▸ **Exercise**
Your task is to transcribe exactly, and only, the lines running from the one with "2-piece pleated shirt + brown shorts set" to the end of the listing below, inclusive, with every picture left out.

___ Dataset section ___

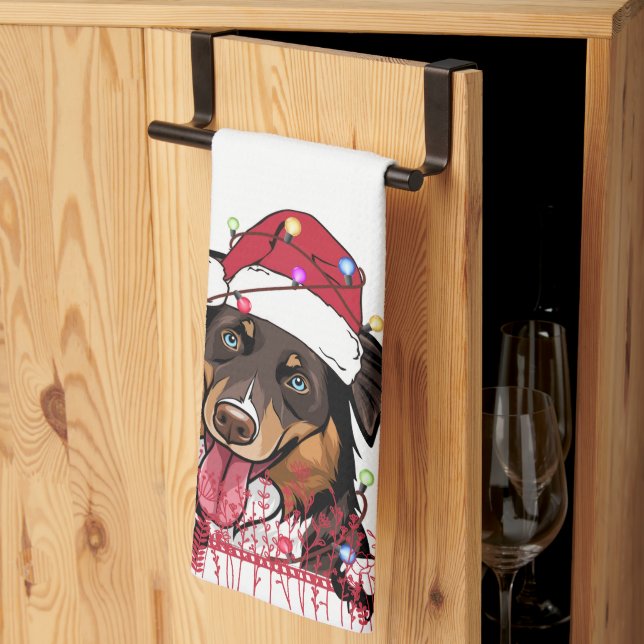 Rough Collie Dog Personalized Christmas Gift Kitchen Towel (Thirds Fold)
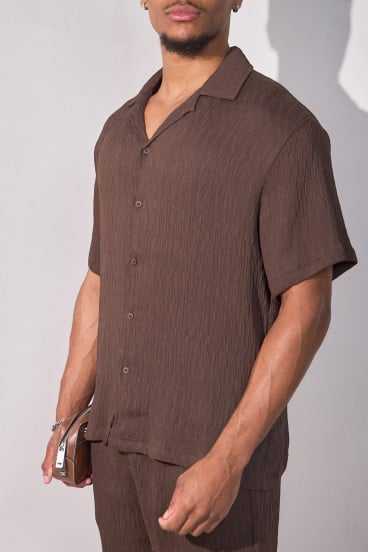 2-piece pleated shirt + brown shorts set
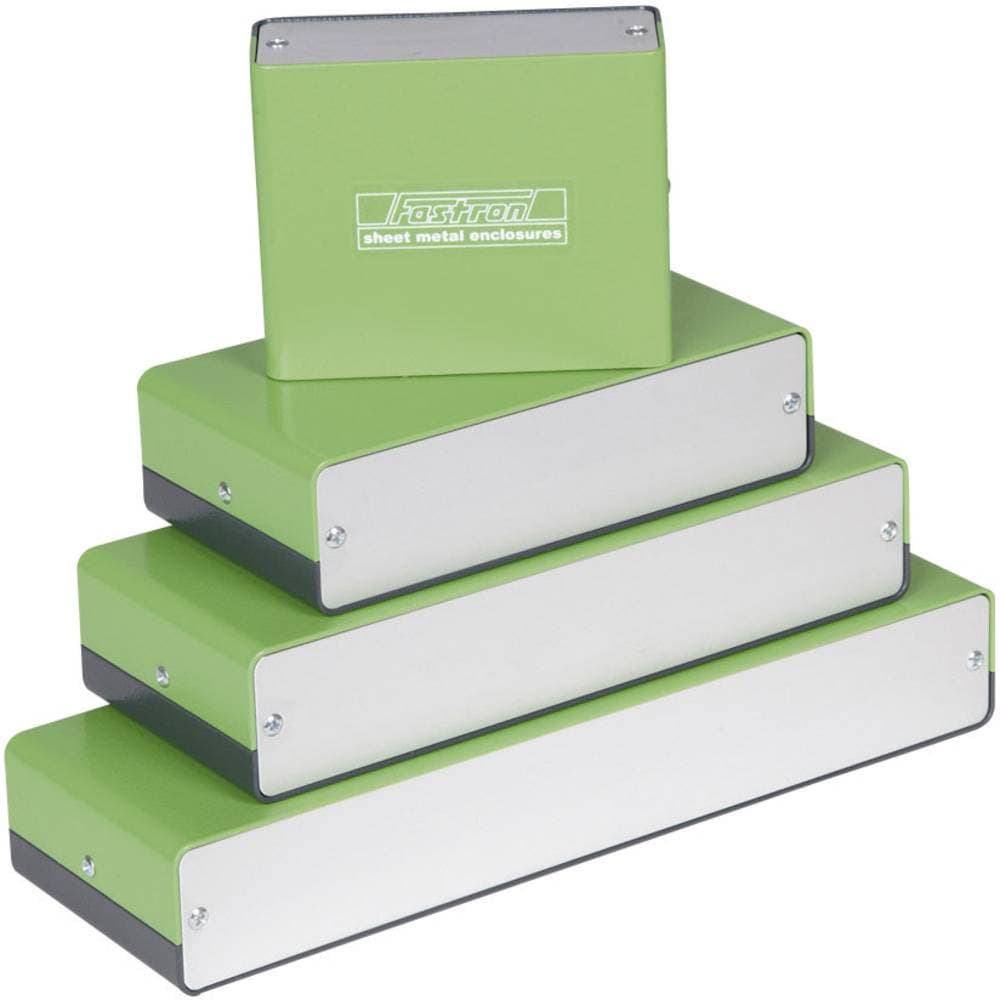 Fastron FSG2584 Enclosure AL 250x80x40mm Grey/Green metal end panels Universalhölje 250 x 80 x 40 Aluminium Grön, Grå 1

___

▸ **Exercise output**
 2-piece pleated shirt + brown shorts set
 Fastron FSG2584 Enclosure AL 250x80x40mm Grey/Green metal end panels Universalhölje 250 x 80 x 40 Aluminium Grön, Grå 1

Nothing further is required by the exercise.